From: Rene S. <rs...@tu...> - 2005-07-27 02:18:56
|
Hi List, The problem is somewhat reprodusable. The cluster has crashed a couple of times in the past few days with similar messages. Following is the syslog entry right before the crash for today. The cluster consists of 40 dual opteron nodes. Here is what we do to reproduce the crash: 1)The cluster boots fine and all the nodes come up no problem. 2)We then procced to queue up some mpi and non mpi jobs to run. 3)After a few hours of running the jobs the cluster becomes unresponsibe meaning we can't get a prompt at the console, we can't ssh in we can't get anywhere or do anything other than power cycle the whole thing.
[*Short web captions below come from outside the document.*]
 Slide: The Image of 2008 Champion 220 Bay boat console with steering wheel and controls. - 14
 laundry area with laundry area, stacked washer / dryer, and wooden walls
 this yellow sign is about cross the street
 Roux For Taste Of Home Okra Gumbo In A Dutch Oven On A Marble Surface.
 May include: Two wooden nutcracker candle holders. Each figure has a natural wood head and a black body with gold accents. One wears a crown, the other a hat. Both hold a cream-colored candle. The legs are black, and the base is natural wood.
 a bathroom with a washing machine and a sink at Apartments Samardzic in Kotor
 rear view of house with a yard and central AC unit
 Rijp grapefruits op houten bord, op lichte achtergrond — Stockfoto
Is there any way to get more debug info out of bproc so that I can get a clue as to where to start looking at what might be causing this problem? thank you for any advice/help on this. Rene > Jul 26 18:14:58 aresnfs-frontend.ccsnfs.edu kernel: bproc: ghost: signal: signr > == 0 > Jul 26 18:14:58 aresnfs-frontend.ccsnfs.edu last message repeated 577 times > Jul 26 18:14:58 aresnfs-frontend.ccsnfs.edu kernel: proc: ghproc: ghost: siproc: > ghosproc: ghost: sigproc: gproc: ghost: sigproc: ghost: sigproc: ghost: sigproc > : ghost: sigproc: ghost: siproc: ghost: sigproc: ghostproc: ghost: sigproc: ghos > t: sigproc: ghost: sigproc: ghost: sigproc: ghost: sigproc: ghost: sigproc: ghos > tproc: ghost: sigproc: ghost: signal: signr == 0 > Jul 26 18:14:58 aresnfs-frontend.ccsnfs.edu kernel: bproc: ghost: signal: signr > == 0 > Jul 26 18:14:59 aresnfs-frontend.ccsnfs.edu last message repeated 3631 times > Jul 26 18:14:59 aresnfs-frontend.ccsnfs.edu kernel: proc: ghost: signal: signr = > = 0 > Jul 26 18:14:59 aresnfs-frontend.ccsnfs.edu kernel: bproc: ghost: signal: signr > == 0 > Jul 26 18:14:59 aresnfs-frontend.ccsnfs.edu last message repeated 3639 times > Jul 26 18:14:59 aresnfs-frontend.ccsnfs.edu kernel: proc: ghost: signal: signr = > = 0 > Jul 26 18:14:59 aresnfs-frontend.ccsnfs.edu kernel: bproc: ghost: signal: signr > == 0 Erik Hendriks wrote: > I've never seen a problem like that. Is it reproducable? > > - Erik > |